Two more chapters to write and I will be able to type those wonderful words—THE END. The novel I’ve been laboring on for nearly a year is almost finished. Maybe I’ll be able to enjoy the Christmas season with my family this year without stressing over my deadline. But when I tried to start my computer yesterday morning, eager to make the final sprint to the finish line, I discovered that it had crashed. An automatic update had failed, locking everything up. The fatal blue screen wouldn’t allow me access to my computer no matter how hard I tried. I did the only thing I knew how to do—I panicked!
Unlike most writers, I am NOT computer savvy. I know enough to answer email, write my novels, and post this blog. That’s about it. I called my brother-in-law in New York who is my computer go-to person and he diagnosed the problem. The solution? I could pay a local tech $95 an hour to try to fix it (and still have an aging computer), or I could purchase a new computer and pay the tech to try to retrieve my novel and everything else from my old hard drive. I chose the new computer. (Not exactly what I wanted for a Christmas present. Sigh.) It’s going to take a few days to get my new computer back home with everything on it (hopefully) restored from my old one. In the meantime, I’m limping along at a snail’s pace with this tiny laptop.
A crashed computer isn’t the only discouraging “glitch” I’ve experienced in my writing life these past few months. On the day of my book launch—a day I waited an entire year to celebrate—the book was unavailable on Amazon. Then I learned that the members of my Launch Team wouldn’t be receiving their advance copies of the book until more than a week after the launch date. And there were several other glitches, each one frustrating and worrisome and stressful. I call them “joy stealers.” Instead of the euphoria of another successful launch or a nearly completed novel, I’m wasting my energy stewing and worrying. Joyful? Not so much.
What I needed more than a restored computer yesterday was a restored sense of perspective. I got it this morning as I read through the newsletters from several of the Christian organizations my husband and I support. People whose homes were destroyed by hurricanes and forest fires will need much more than a new computer. The children we support in Zambia and Vietnam need food and clean water on a daily basis. Christians being persecuted for their faith need prayers for their churches and families. Young girls being trafficked need deliverance and justice.

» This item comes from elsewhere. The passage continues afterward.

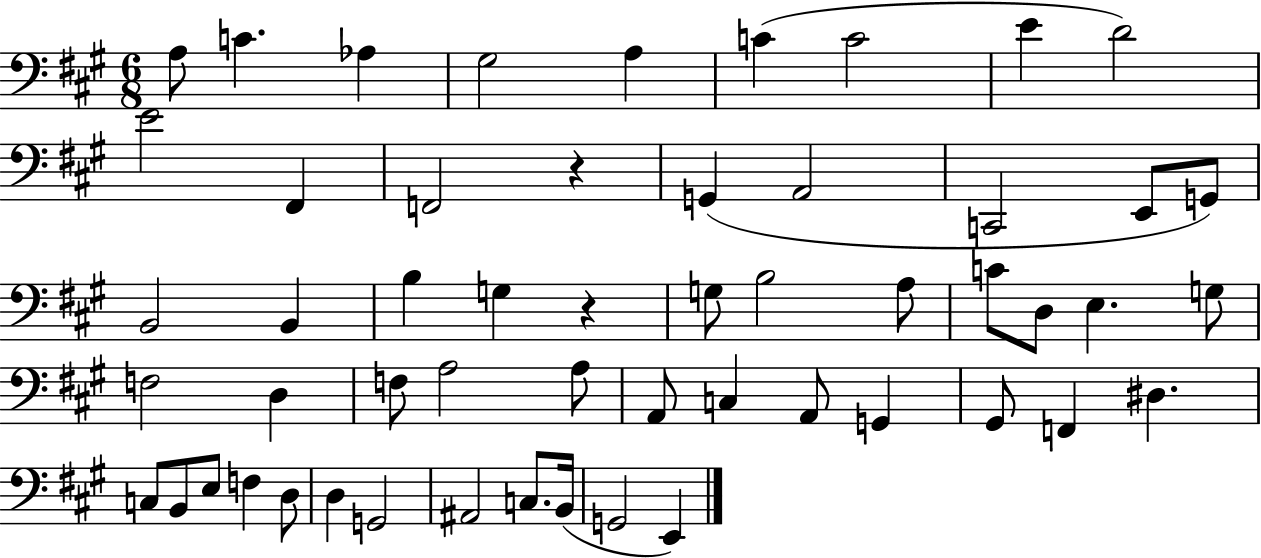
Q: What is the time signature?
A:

I should be thankful that I can afford a new computer and still have a roof over my head and three meals a day—not to mention the freedom to enjoy them. My problem will soon be fixed. Their problems are ongoing.
This week I will celebrate Thanksgiving with my family. It’s a yearly reminder to stand back and get some perspective on how God has so richly provided for us. Have there been “glitches” and “joy stealers” this year? Of course. But in the larger view of things, my family and I have been abundantly blessed. We could have been eating Thanksgiving dinner without my husband this year if a serious health issue a few months ago hadn’t ended well. Then there are our spiritual blessings, such as God’s grace and redemption and love. The security of our heavenly home. And a calling that I love in spite of the glitches.
I think I know why the enemy tries so hard to steal our joy. Because “The joy of the Lord is our strength” (Nehemiah 8:10). I think I need to do some thanking and rejoicing while I wait for my new computer.